- Director:Tony Gilroy
- Cast:Paul Giamatti, Clive Owen, Julia Roberts, Tom Wilkinson
- Release Date:March 19, 2009
- Running time:125 minutes
- Film Worth:$9.00
- FILMINK rates movies out of $20 - the score indicates the amount we believe a ticket to the movie to be worth
“…essentially formulaic fare…”
How many movies have you seen where two ruthless competitors or opponents fall in love? Well, here comes another one. To be fair, Duplicity is not quite as predictable as one might fear. It's slick, but it's also labyrinthine. Trickery and deception abound, and the action is constantly moving around in both time - 2003, 2006, 2008 - and space: Dubai, New York, London, Miami. The real problem is simply that the business world is inherently rather dull (although Tony Gilroy's previous feature Michael Clayton made a slightly better stab at concealing that fact), and so is industrial espionage. It's also of course highly lucrative, which is what prompts our two protagonists - Claire Stenwick (Julia Roberts) and Ray Koval (Clive Owen) - to quit the CIA and MI6 and start snooping for multinational corporations.

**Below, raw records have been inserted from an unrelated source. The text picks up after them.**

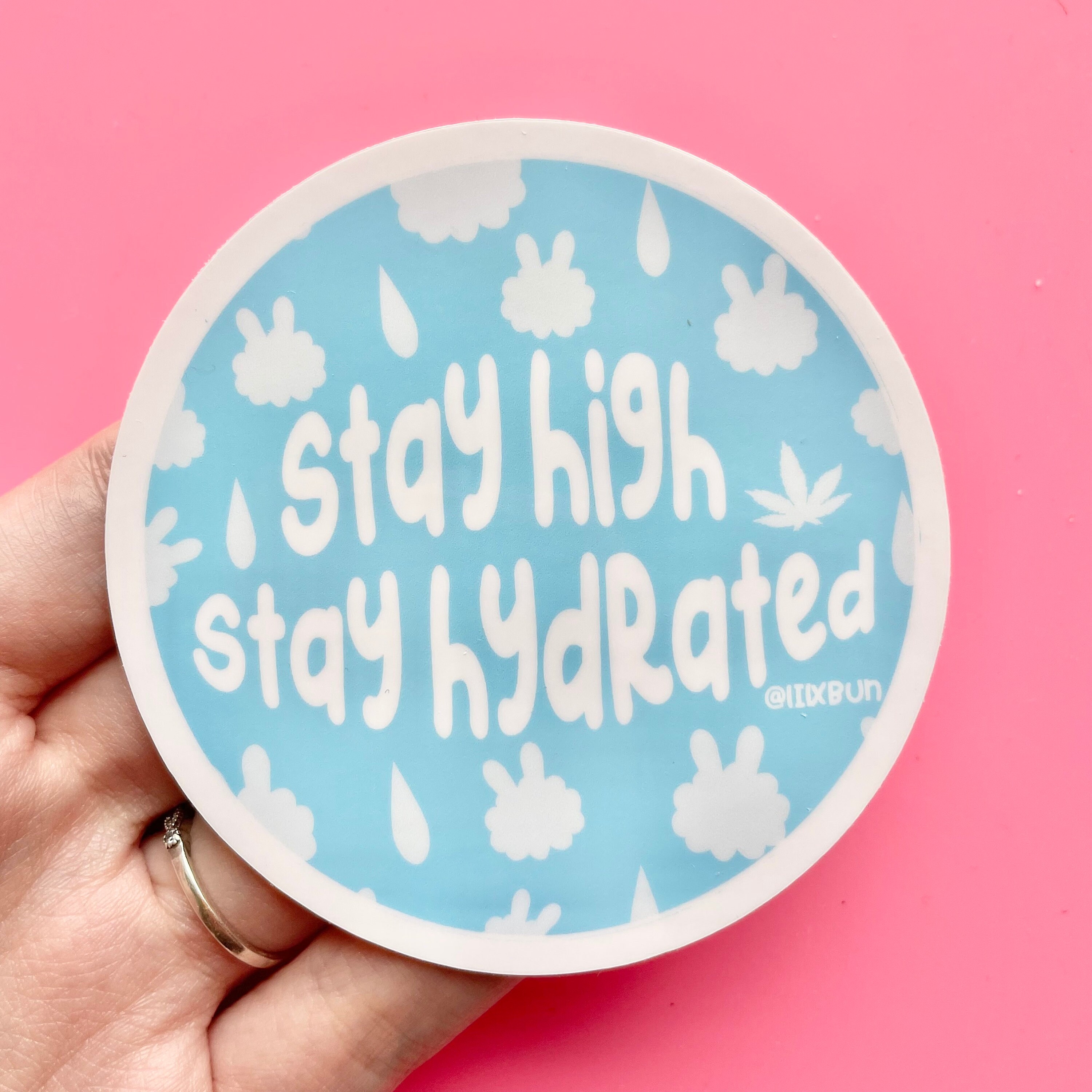 Stay High Stay Hydrated 3" Vinyl Sticker, Stoner Sticker, Stoner…
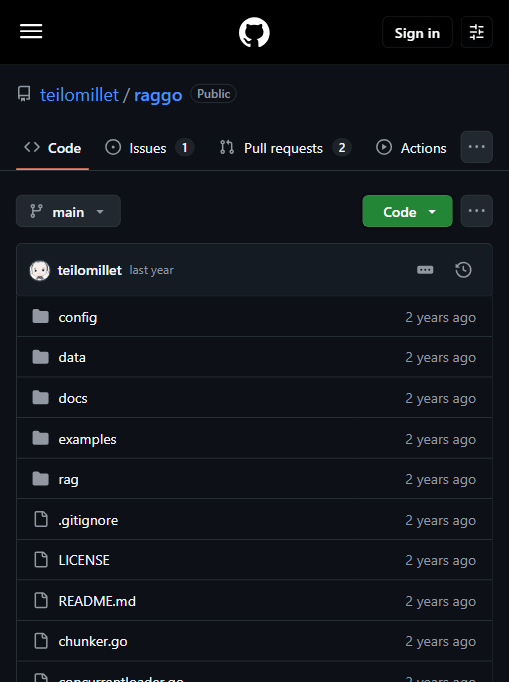 Raggo 仓库主页：teilomillet/raggo，Go 语言编写的 RAG 库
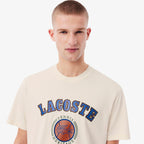 T-shirt en coton imprimé Lacoste - Crème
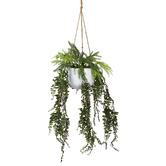 pollen &amp; fauna 80cm Potted Faux Hanging Leather Fern Arrangement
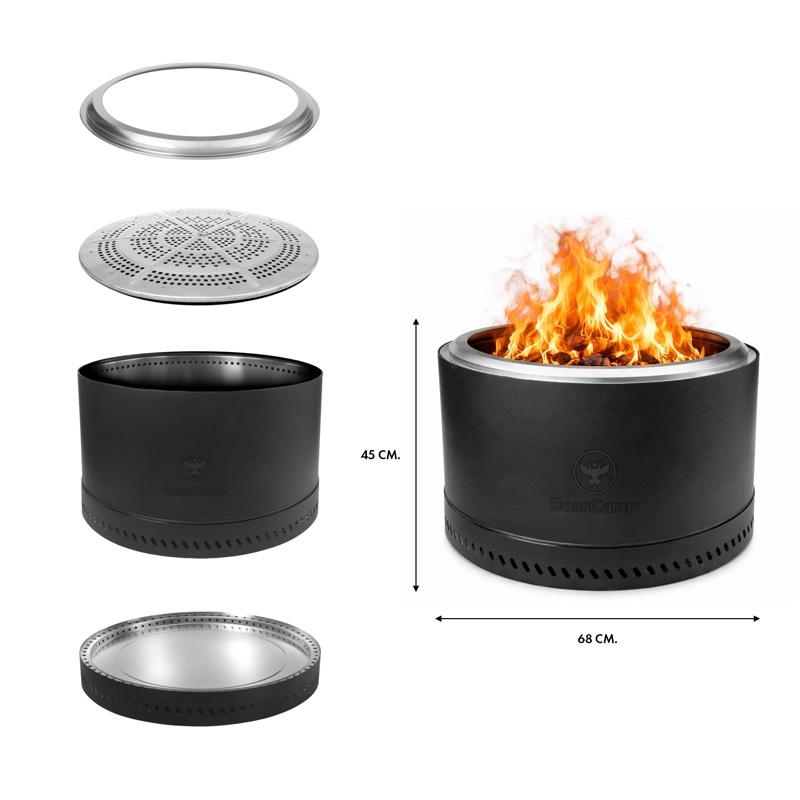 BRASERO FOGON FIREBOSS INFERNO XL TERRAZA EXTERIOR SIN HUMO 68 CM BOSSCAMP BLACK - 3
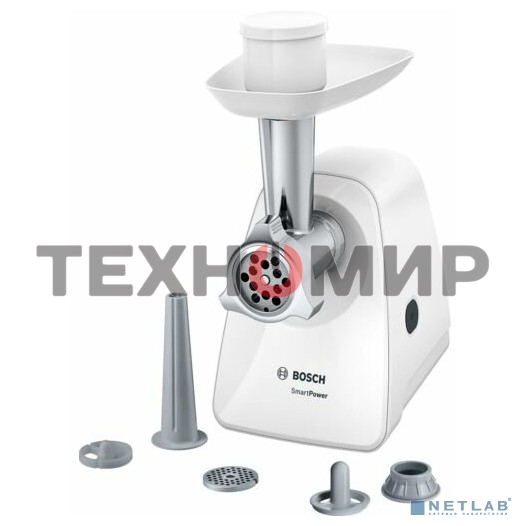 Мясорубка электрическая Bosch MFW2520W белый, 1500 Вт, 1.7 кг/мин, насадки - 4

Claire and Ray may or may not be loyal servants of archetypal fat cats Howard Tully (Tom Wilkinson) and Dick Garsik (Paul Giamatti). Paranoia and distrust abound but, as Ray shruggingly observes, such feelings are not confined to the financial sector: "Nobody trusts anybody. We just cop to it." The pair of them, the CEOs, and just about everyone else set out to obtain and secure the formula to a revolutionary new product which could bring them enormous wealth.
There are a few mildly amusing (and cruelly cynical) moments here, such as the scene where Ray seduces a woman by passing himself off as a pediatric cardiologist en route to helping the sick children of Ethiopia. Duplicity, however, is essentially formulaic fare. Although Julia Roberts is quite good, the love scenes look exactly like what they are: famous people pretending.